Regulatory Investigations & Defence
Regulatory investigations and defence represents institutions and individuals facing scrutiny from financial services regulators, capital market authorities, anti-corruption agencies, and the enforcement bodies that oversee compliance in the Gulf’s increasingly regulated commercial environment. Regulatory investigations are becoming more frequent, more sophisticated, and more consequential: the DFSA has increased enforcement actions significantly since 2020, CBUAE has imposed substantial AML fines, SAMA has tightened supervisory oversight, and the UAE’s new anti-corruption framework creates additional enforcement exposure.
Defence Advisory
Kaelo advises on: investigation response strategy (initial assessment of the investigation scope, potential exposure, and the institutional response that protects both the entity and individuals), document management (implementing litigation holds, organising production, managing privilege — critical in investigations where documentary evidence is the primary focus), witness preparation (preparing individuals to provide accurate, consistent testimony in regulatory interviews), regulatory settlement negotiation (engaging with regulators to resolve investigations through agreed outcomes that minimise penalties and reputational damage), and the remediation programmes (enhanced controls, training, governance improvements) that demonstrate institutional commitment to compliance and may mitigate enforcement outcomes. Our legal and compliance practices combine for comprehensive regulatory defence.
Voluntary Self-Disclosure
Voluntary self-disclosure — reporting compliance breaches to regulators before they are discovered — is an increasingly important strategic decision.

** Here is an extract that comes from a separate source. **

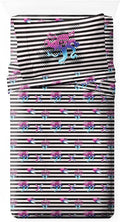 Jay Franco Kids Sheet Set with Fitted, Flat Sheets & Pillow Cover - Ultra-Soft Bedding with Pillowcase for Room Decor, Multi Color - Descendants, 3 Piece Twin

Regulators (DFSA, MAS, OFAC, FCA) typically treat voluntary disclosure as a mitigating factor in enforcement decisions, potentially reducing penalties by 30-50%. The advisory mandate covers: disclosure decision analysis (assessing whether voluntary disclosure serves the institution’s interests given the specific breach, likelihood of independent detection, and the regulatory relationship), disclosure preparation, and the remediation programme that accompanies disclosure.
Regulatory defence is not about avoiding accountability — it is about ensuring that investigations are conducted fairly, that responses are proportionate and well-prepared, and that outcomes reflect the genuine circumstances rather than regulatory presumption.